▸ PROBLEM TO SOLVE: Give again only those lines from the start of the entries through the line holding "Adjustable Motorcycle Phone", leaving them as they are.

▸ MATERIAL PROVIDED:
· · · · ·
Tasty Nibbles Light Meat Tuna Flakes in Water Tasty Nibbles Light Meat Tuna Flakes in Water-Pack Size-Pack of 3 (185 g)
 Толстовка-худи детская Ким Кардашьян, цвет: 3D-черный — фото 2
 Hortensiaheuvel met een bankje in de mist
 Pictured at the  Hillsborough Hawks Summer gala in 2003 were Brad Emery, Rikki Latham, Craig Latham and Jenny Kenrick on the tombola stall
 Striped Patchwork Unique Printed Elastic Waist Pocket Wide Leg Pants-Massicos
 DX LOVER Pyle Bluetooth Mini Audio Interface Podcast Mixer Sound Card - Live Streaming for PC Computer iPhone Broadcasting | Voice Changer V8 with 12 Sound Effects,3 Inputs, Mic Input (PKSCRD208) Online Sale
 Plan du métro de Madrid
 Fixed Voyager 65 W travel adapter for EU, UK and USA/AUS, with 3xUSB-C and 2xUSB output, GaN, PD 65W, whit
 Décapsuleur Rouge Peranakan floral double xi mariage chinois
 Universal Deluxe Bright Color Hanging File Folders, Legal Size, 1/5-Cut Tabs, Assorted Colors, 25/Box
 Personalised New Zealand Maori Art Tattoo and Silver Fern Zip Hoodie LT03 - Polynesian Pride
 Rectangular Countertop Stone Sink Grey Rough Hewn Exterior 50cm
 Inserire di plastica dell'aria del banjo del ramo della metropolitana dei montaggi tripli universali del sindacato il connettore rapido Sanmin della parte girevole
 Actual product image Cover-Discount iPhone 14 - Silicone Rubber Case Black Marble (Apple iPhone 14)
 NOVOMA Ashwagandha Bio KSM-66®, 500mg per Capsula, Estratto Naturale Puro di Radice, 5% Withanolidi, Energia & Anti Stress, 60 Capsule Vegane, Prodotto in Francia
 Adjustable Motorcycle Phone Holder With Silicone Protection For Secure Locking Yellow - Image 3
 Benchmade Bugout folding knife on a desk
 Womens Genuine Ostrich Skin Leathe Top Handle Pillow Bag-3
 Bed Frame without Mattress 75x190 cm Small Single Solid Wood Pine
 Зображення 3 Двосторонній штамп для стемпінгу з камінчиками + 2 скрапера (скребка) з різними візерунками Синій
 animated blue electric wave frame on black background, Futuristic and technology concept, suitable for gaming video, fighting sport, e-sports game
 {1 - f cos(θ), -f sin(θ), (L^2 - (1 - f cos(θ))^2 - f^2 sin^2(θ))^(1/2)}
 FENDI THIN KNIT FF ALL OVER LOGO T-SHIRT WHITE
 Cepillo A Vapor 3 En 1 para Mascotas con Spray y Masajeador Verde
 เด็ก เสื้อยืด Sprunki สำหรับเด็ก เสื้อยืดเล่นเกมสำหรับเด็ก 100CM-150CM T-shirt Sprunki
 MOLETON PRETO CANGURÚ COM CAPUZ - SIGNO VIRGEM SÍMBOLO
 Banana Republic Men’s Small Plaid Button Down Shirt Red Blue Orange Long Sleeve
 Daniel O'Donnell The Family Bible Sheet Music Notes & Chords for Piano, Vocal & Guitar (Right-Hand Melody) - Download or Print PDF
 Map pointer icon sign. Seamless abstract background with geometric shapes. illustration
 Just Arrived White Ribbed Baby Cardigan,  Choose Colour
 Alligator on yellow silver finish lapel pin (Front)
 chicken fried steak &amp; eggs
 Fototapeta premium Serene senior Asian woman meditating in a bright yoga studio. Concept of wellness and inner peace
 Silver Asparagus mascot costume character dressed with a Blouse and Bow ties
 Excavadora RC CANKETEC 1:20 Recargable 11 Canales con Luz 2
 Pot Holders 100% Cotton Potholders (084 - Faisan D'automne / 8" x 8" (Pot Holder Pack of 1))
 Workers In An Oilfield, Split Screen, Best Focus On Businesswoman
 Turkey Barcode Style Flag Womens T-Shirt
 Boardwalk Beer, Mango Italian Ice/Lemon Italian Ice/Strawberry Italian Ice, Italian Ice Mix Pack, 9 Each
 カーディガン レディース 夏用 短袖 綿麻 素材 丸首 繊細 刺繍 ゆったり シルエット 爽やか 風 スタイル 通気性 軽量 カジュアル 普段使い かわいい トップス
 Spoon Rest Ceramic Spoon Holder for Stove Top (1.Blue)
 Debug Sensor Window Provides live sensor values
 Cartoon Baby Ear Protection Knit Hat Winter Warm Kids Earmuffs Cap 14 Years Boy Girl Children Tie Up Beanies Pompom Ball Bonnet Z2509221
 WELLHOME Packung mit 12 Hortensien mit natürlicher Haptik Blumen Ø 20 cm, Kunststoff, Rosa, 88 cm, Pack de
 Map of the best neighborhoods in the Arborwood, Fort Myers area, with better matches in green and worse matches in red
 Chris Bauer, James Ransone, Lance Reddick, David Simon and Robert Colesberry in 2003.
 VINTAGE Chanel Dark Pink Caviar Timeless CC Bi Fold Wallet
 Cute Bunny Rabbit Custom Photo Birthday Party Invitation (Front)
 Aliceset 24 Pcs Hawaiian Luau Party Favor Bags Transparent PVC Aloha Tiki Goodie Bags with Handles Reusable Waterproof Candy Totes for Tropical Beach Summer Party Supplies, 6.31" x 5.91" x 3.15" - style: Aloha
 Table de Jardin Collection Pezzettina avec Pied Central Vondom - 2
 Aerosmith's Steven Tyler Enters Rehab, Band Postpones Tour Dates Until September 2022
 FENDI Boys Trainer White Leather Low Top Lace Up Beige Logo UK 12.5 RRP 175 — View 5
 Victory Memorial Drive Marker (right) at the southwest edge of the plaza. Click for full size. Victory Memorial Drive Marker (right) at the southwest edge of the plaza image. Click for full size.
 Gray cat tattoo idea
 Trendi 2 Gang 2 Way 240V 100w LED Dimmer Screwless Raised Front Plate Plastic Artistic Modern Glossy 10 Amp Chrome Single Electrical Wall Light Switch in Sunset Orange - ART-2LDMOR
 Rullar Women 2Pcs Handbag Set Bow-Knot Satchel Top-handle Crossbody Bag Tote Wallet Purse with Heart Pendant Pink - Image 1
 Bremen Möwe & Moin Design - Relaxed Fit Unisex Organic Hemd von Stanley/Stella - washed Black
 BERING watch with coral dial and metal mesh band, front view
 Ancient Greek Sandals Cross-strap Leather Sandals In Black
· · · · ·
▸ ANSWER TO THE EXERCISE:
Tasty Nibbles Light Meat Tuna Flakes in Water Tasty Nibbles Light Meat Tuna Flakes in Water-Pack Size-Pack of 3 (185 g)
 Толстовка-худи детская Ким Кардашьян, цвет: 3D-черный — фото 2
 Hortensiaheuvel met een bankje in de mist
 Pictured at the  Hillsborough Hawks Summer gala in 2003 were Brad Emery, Rikki Latham, Craig Latham and Jenny Kenrick on the tombola stall
 Striped Patchwork Unique Printed Elastic Waist Pocket Wide Leg Pants-Massicos
 DX LOVER Pyle Bluetooth Mini Audio Interface Podcast Mixer Sound Card - Live Streaming for PC Computer iPhone Broadcasting | Voice Changer V8 with 12 Sound Effects,3 Inputs, Mic Input (PKSCRD208) Online Sale
 Plan du métro de Madrid
 Fixed Voyager 65 W travel adapter for EU, UK and USA/AUS, with 3xUSB-C and 2xUSB output, GaN, PD 65W, whit
 Décapsuleur Rouge Peranakan floral double xi mariage chinois
 Universal Deluxe Bright Color Hanging File Folders, Legal Size, 1/5-Cut Tabs, Assorted Colors, 25/Box
 Personalised New Zealand Maori Art Tattoo and Silver Fern Zip Hoodie LT03 - Polynesian Pride
 Rectangular Countertop Stone Sink Grey Rough Hewn Exterior 50cm
 Inserire di plastica dell'aria del banjo del ramo della metropolitana dei montaggi tripli universali del sindacato il connettore rapido Sanmin della parte girevole
 Actual product image Cover-Discount iPhone 14 - Silicone Rubber Case Black Marble (Apple iPhone 14)
 NOVOMA Ashwagandha Bio KSM-66®, 500mg per Capsula, Estratto Naturale Puro di Radice, 5% Withanolidi, Energia & Anti Stress, 60 Capsule Vegane, Prodotto in Francia
 Adjustable Motorcycle Phone Holder With Silicone Protection For Secure Locking Yellow - Image 3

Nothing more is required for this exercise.